→ Crawled caption data
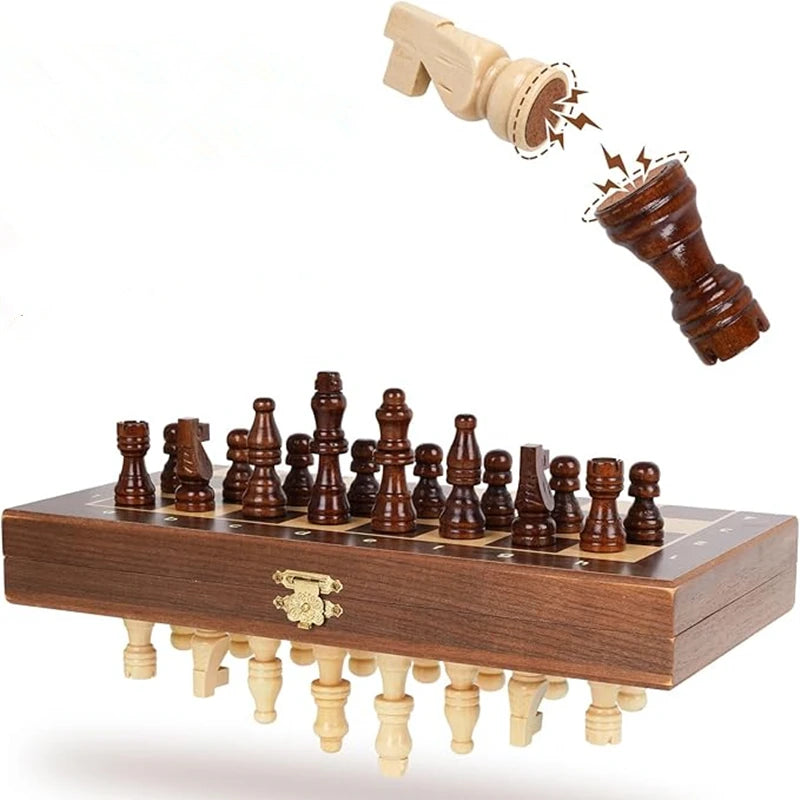 30cm/12inch travel chess wooden magnetic chessboard - with 2 additional queen’s family game - 1 set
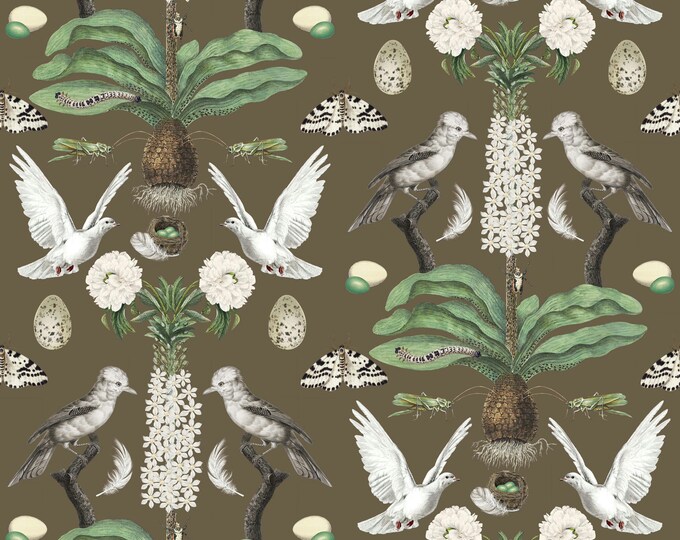 ABUNDANCE COLLECTION WALLPAPER  * White Doves on Tobacco * 12x18 Repeat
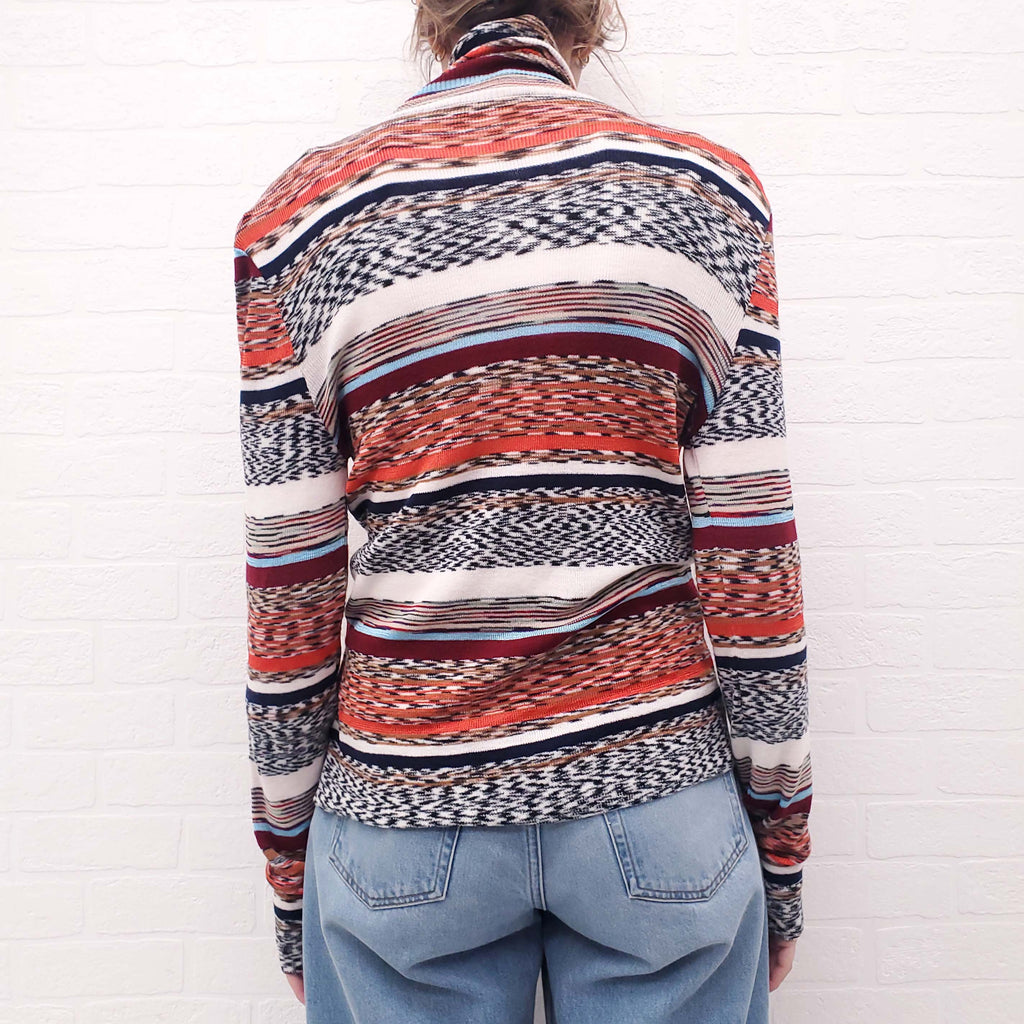 MISSONI MULTI-COLOUR STRIPED KNIT TURTLENECK SWEATER - SIZE 46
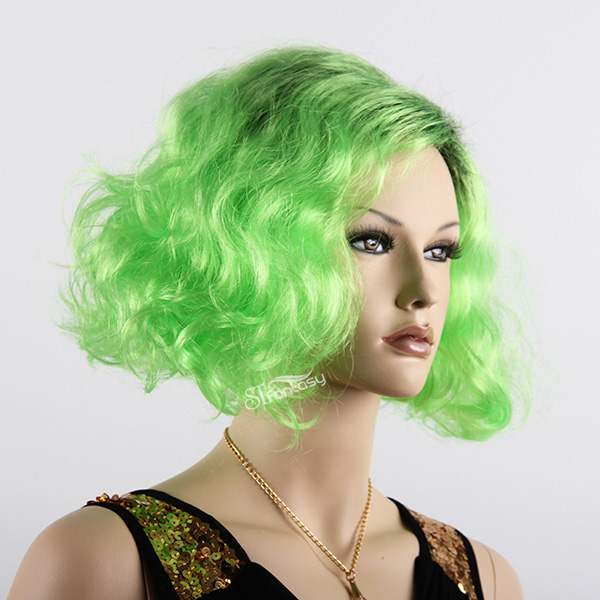 Fashionable fluorescent color high temperature fiber wig for party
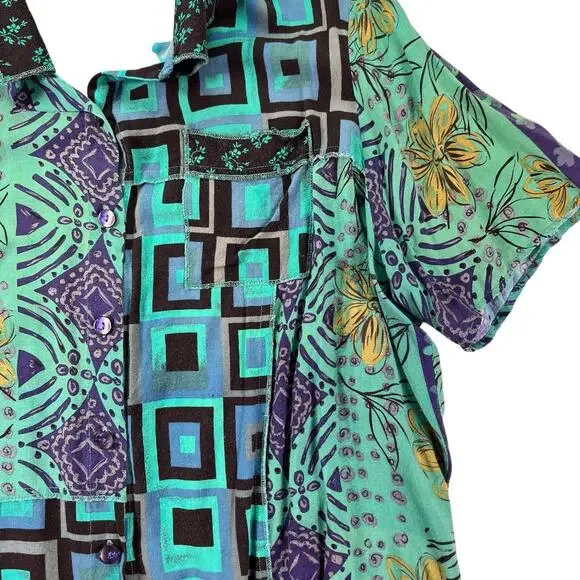 Vintage Plus Size 2 Piece Set 22W 24W Teal Patchwork Rayon Pants Shirt Outfit - Picture 11 of 16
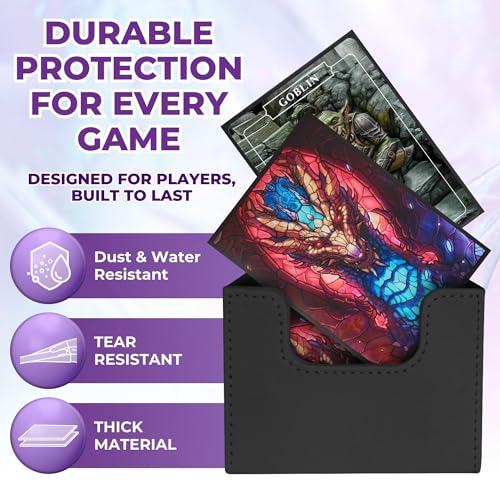 Card Sleeves – 100 Count | Ultra-Durable Matte Art Card Sleeves for Intense Shuffling | Premium Fit | Standard Size Wear-Resistant Sleeve - color: Fire & Ice Dragon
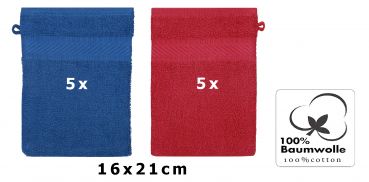 Betz set di 10 guanti da bagno PALERMO 100 % cotone misure 16 x 21 cm rosso cranberry-blu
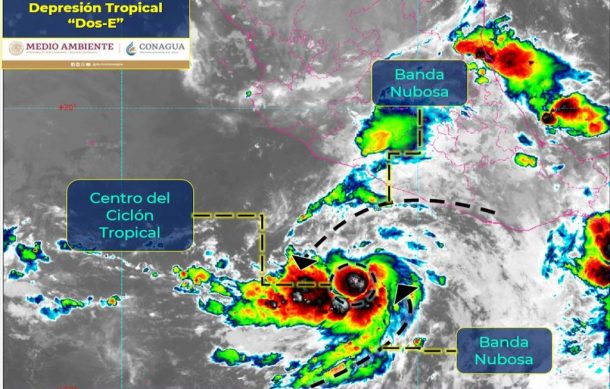 Se forma la depresión tropical Dos-E en el Pacífico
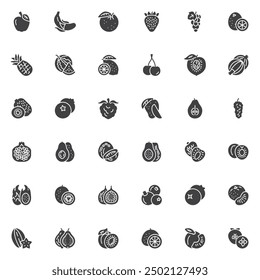 Conjunto de iconos vectoriales de frutas y bayas, colección de símbolos sólidos modernos, paquete de pictogramas de estilo relleno. Señales, ilustración del logotipo. El conjunto incluye iconos como manzana, plátano, naranja, fresa, kiwi, granada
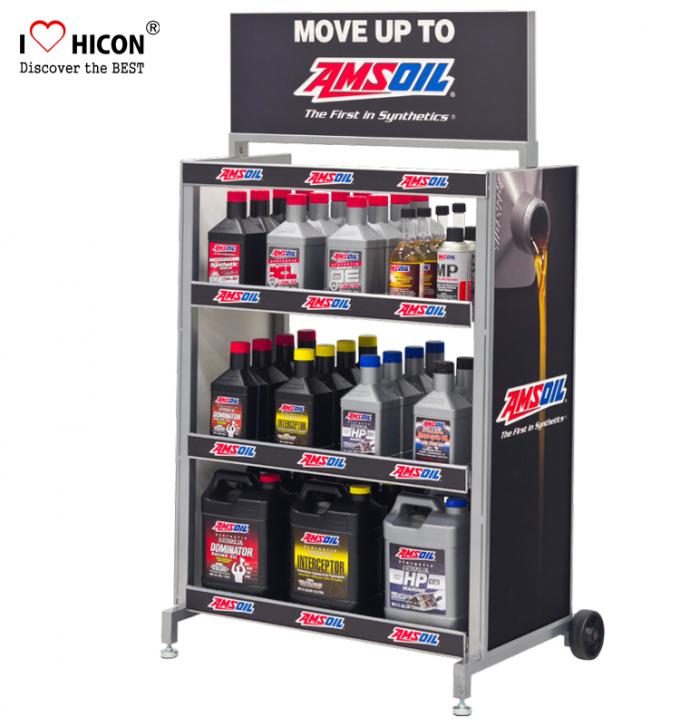 Conduzca el estante de exhibición de encargo del aceite de motor del motor del lubricante de los estantes de exhibición del metal de las ventas
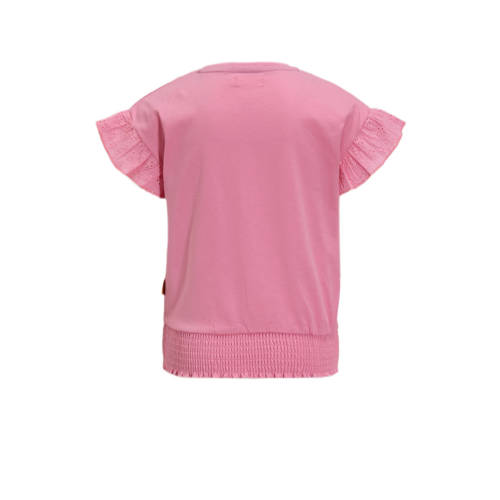 Orange Stars T-shirt Paulien met tekstopdruk roze Meisjes Katoen Ronde hals 98 104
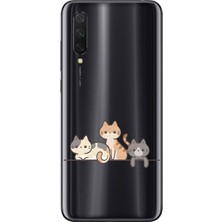 Dali Design Xiaomi Mi 9 Lite Uyumlu Şeffaf Kılıf Kedişler 4 Tasarımlı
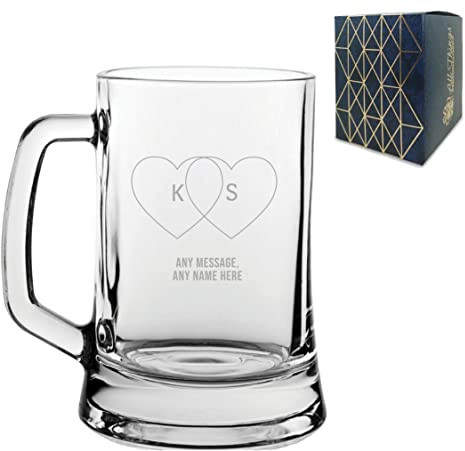 Personalised Engraved Valentines Day Beer Mug Stein 16.75oz/495ml Tankard, Thoughtful Customised Gift, Laser Engraved in The UK, Dishwasher Safe Clear Glass, Dishwasher Safe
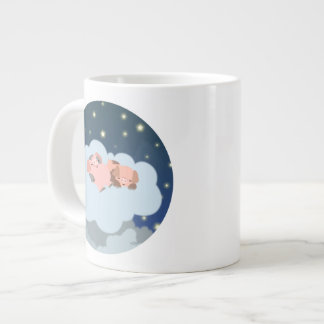 Cute Cartoon Slumbering Piglets Jumbo Mug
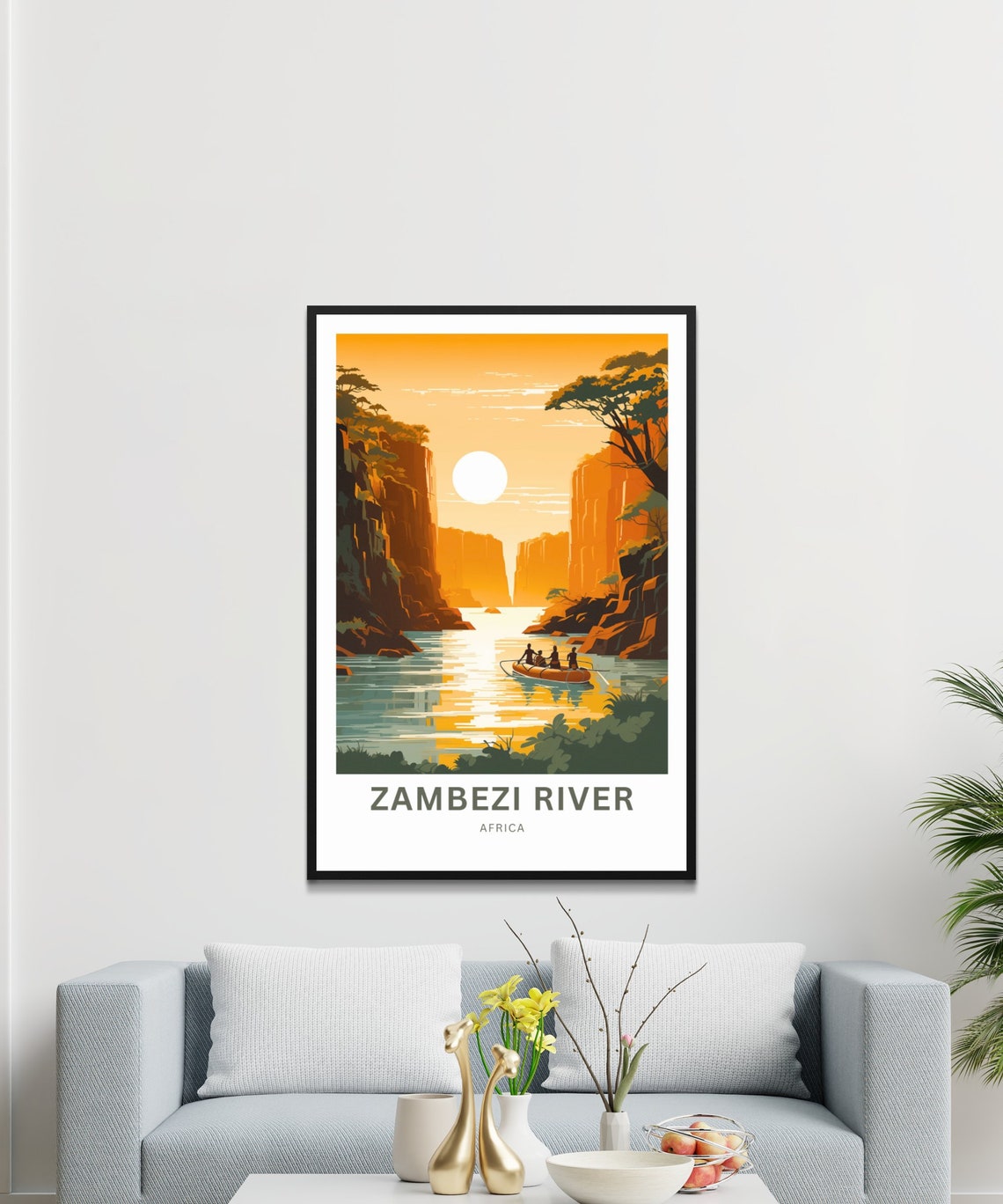 Zambezi River Africa Sunset Canoe Personalized Travel Poster - Image 3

→ What is being asked
Exactly and only the lines from the top of the records down to the line containing "MISSONI MULTI-COLOUR STRIPED" should be transcribed, please, without the pictures.

→ Task response
 30cm/12inch travel chess wooden magnetic chessboard - with 2 additional queen’s family game - 1 set
 ABUNDANCE COLLECTION WALLPAPER  * White Doves on Tobacco * 12x18 Repeat
 MISSONI MULTI-COLOUR STRIPED KNIT TURTLENECK SWEATER - SIZE 46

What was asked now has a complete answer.